API Guide

Core Functions

class dataset_loading.FileQueue(maxsize=0)[source]

Bases: queue.Queue

A queue to hold filename strings

This queue is used to indicate what order of jpeg files should be read. It may also be a good idea to put the class label alongside the filename as a tuple, so the main program can get access to both of these at the same time.

Create the class, and then call the load_epochs() method to start a thread to manage the queue and refill it as it gets low.

The maxsize is not provided as an option as we want the queue to be able to take entire epochs and not be restricted on the upper limit by a maxsize. The data should be no problem as the queue entries are only integers.

epoch_count

The current epoch count

epoch_size

Gives the size of one epoch of data

filling

Returns true if the file queue is being filled

get(block=True, timeout=None)[source]

Get a single item from the Image Queue

join()[source]

Method to signal any threads that are filling this queue to stop.

Threads will clean themselves up if the epoch limit is reached, but in case you want to kill them manually before that, you can signal them to stop here.

Note: Overloads the queue join method which normally blocks until the queue has been emptied. This will return even if the queue has data in it.

killed

Returns true if the queue has been asked to die

load_epochs(files, shuffle=True, max_epochs=inf)[source]

Starts a thread to load the file names into the file queue.

Parameters:
  • files (list) – Can either be a list of filename strings or a list of tuples of (filenames, labels)
  • shuffle (bool) – Whether to shuffle the list before adding it to the queue.
  • max_epochs (int or infinity) – Maximum number of epochs to allow before queue manager stops refilling the queue.

Notes

Even if shuffle input is set to false, that doesn’t necessarily mean that all images in the image queue will be in the same order across epochs. For example, if thread A pulls the first image from the list and then thread B gets the second 1. Thread A takes slightly longer to read in the image than thread B, so it gets inserted into the Image Queue afterwards. Trying to synchronize across both queues could be done, but it would add unnecessary complications and overhead.

Raises:ValueError - If the files queue was empty
class dataset_loading.ImgQueue(maxsize=1000, name='')[source]

Bases: queue.Queue

A queue to hold images

This queue can hold images which will be loaded from the main program. Multiple file reader threads can fill up this queue as needed to make sure demand is met.
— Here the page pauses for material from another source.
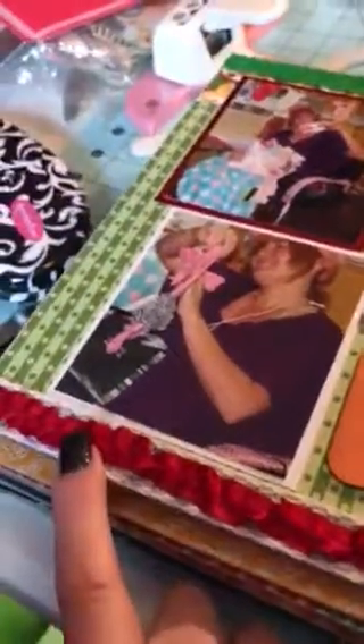And then lace and ribbon that I got at — guess what — a thrift shop. And I thought it matched his little bow tie there, so I did that all the way across.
Each entry in the image queue will then be either tuple of (data, label). If the data is loaded using a filename queue and image loader threads and a label is not provided, each queue item will still be a tuple, only the label will be None. If you don’t want to return this label, then you can set the nolabel input to the start_loaders function.

To get a batch of samples from the ImageQueue, see the get_batch() method.

If you are lucky enough to have an entire dataset that fits easily into memory, you won’t need to use multiple threads to start loading data. You may however want to keep the same interface. In this case, you can call the take_dataset function with the dataset and labels, and then call the get_batch() method in the same manner.

Parameters:
  • maxsize (positive int) – Maximum number of images to hold in the queue. Needs to not be 0 or else it will keep filling up until you run out of memory.
  • name (str) – Queue name
Raises:

ValueError if the maxsize parameter is incorrect.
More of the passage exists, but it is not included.